The city will not to appeal a state land-use board's recent ruling on a Wal-Mart Supercenter proposed for the old Miles Field site in south Medford.

The city will not to appeal a state land-use board's recent ruling on a Wal-Mart Supercenter proposed for the old Miles Field site in south Medford.

"If they're saying that we should have done something, then by all means we should do it," Councilman Jason Anderson said before the decision at a noon meeting Thursday.

The Oregon Land Use Board of Appeals ruled earlier this month that the city erred in barring a citizens group from speaking in a public hearing on Wal-Mart.

Medford had until Sept. 28 to file an appeal with the Oregon Court of Appeals.

Wal-Mart still could appeal the decision, but the council decided the city would not join it. Attempts to reach Wal-Mart attorneys Thursday were unsuccessful.

LUBA ruled that the city was incorrect in denying Medford Citizens for Responsible Development the right to participate in proceedings about the store in November 2005. The city attorney denied the group the right to speak during one of the hearings, saying it had lost "standing" when it failed to file a brief in a 2004 LUBA appeal.

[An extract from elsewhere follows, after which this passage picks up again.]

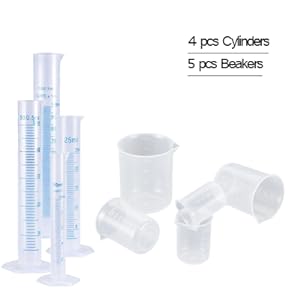 Plastic gegradueerde cilinders en bekers 5 pipetten, 10 ml 25 ml 50 ml 100 ml cilinders, 50 ml 100 ml 250 ml 500 ml 1000 ml 6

The group, led by Talent Councilwoman Wendy Siporen, has argued the developers of the 207,000-square-foot Wal-Mart Supercenter project should be required to conduct a comprehensive traffic study for the site. Such a study would show the additional traffic the store would generate and make Wal-Mart financially responsible for street improvements needed to handle it.

Wal-Mart representatives have argued that the city cannot legally require them to do a comprehensive study. A traffic study for the property was completed in 1991 at the time of a zoning change. The City Council approved the Wal-Mart project after numerous hearings.

Following Thursday's meeting, Siporen said she is pleased that her group will be able to address concerns about traffic.

"It is a new council," she said. "And a minority of the previous council wanted to address the traffic."

She said not only does the council have the authority to require a comprehensive traffic study, but city ordinances require it.